A new approach to managing the delivery of social welfare services at local level is being implemented by my Department. The first stage of the improved service involved the establishment of regional management centres and a phased broadening of the role of my Department's employment exchanges. The regional centres are based at Cork, Dublin, Dundalk, Galway, Limerick, Longford, Sligo and Waterford. Each centre is under the control of a regional manager who is based locally and who is supported by a management team and a network of area managers also based in the locality.
Having a more comprehensive service available locally will mean that employment exchanges, which traditionally dealt with unemployment payments, will be gradually transformed into complete one-stop-shops for social welfare purposes. In these new style centres pensioners, lone parents, unemployed people and families who are out of work through illness will receive the social welfare services, advice and any information which they may require.
The new regional management structure will mean: one-stop-shops for all social welfare customers; better services for employers; better controls to eliminate abuse of PRSI and social welfare schemes and new supportive relationships with the voluntary and community groups working in the area. To service this new structure, 45 additional staff were provided. Their grades are as follows: one principal officer; four assistant principal officers; six higher executive officers; 12 executive officers; eight staff officers; four clerical officers and ten clerical assistants.

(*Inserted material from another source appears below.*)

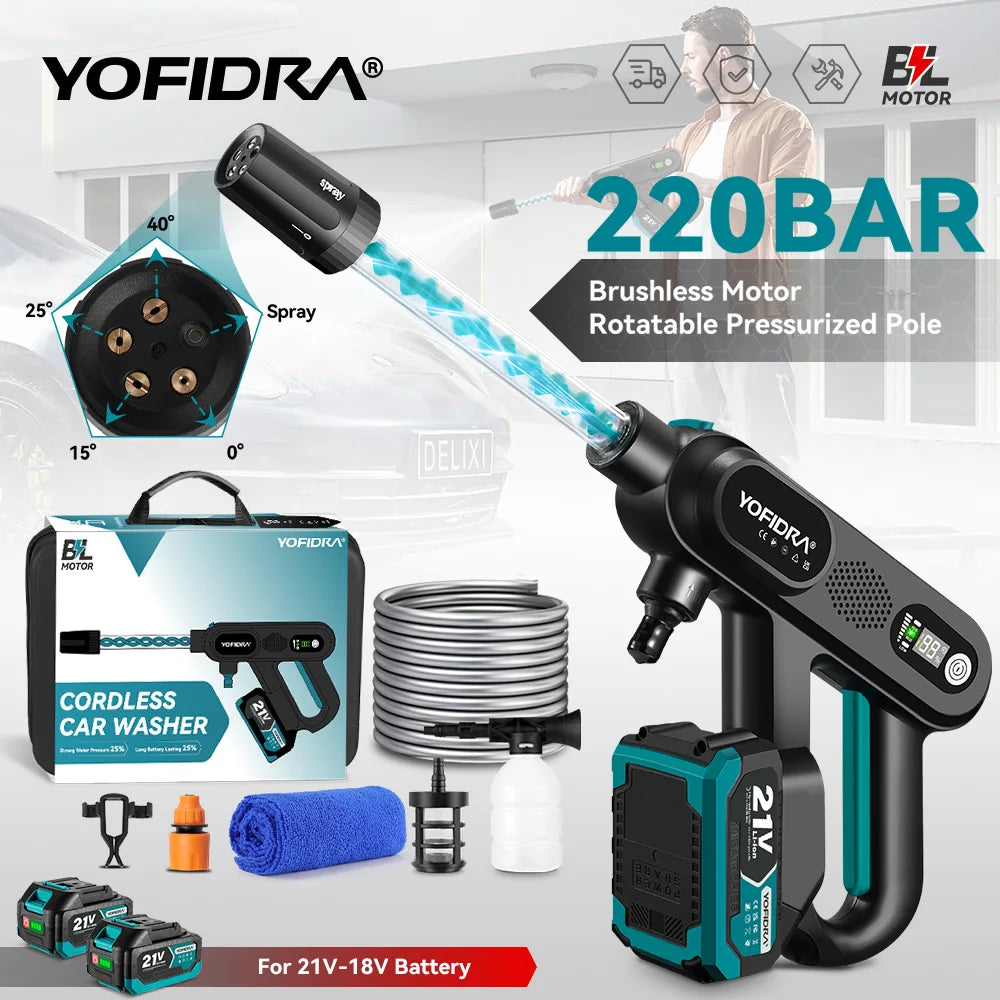 YOFIDRA 220Bar Brushless Electric High Pressure Car Washer Gun Water Spray Gun Garden Washing Power Tools For Makita Battery Pin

In addition, several hundred locally based staff have been regraded. This change means that a more flexible approach to responding to the evolving needs of social welfare clients is now being implemented. It allowed existing staff to be deployed to assist the extra staff assigned in 1991 and each regional centre now has a full-time team in full operation.
Enhanced quality of services will require the continuing and increasing use of information technology. My Department is one of the most advanced public sector users of computer technology in Europe. Almost all local offices of the Department have access to a central computer system so that client information, in respect of people who call to my Department's offices, is readily accessible. Almost one-third, 14,000, of all weekly medical certificates for disability benefit purposes are now being processed locally and the extension of this facility will be accelerated by the new local structures.
A programme of upgrading the social welfare office premises is also under way. In recent years a total of 17 new offices have been provided and a further ten have been extensively refurbished. New offices are also planned for a number of other centres. My aim is to ensure that people transact their business with my Department in privacy, with dignity and in comfortable surroundings. This is being done in conjunction with the restructuring of the provision of services.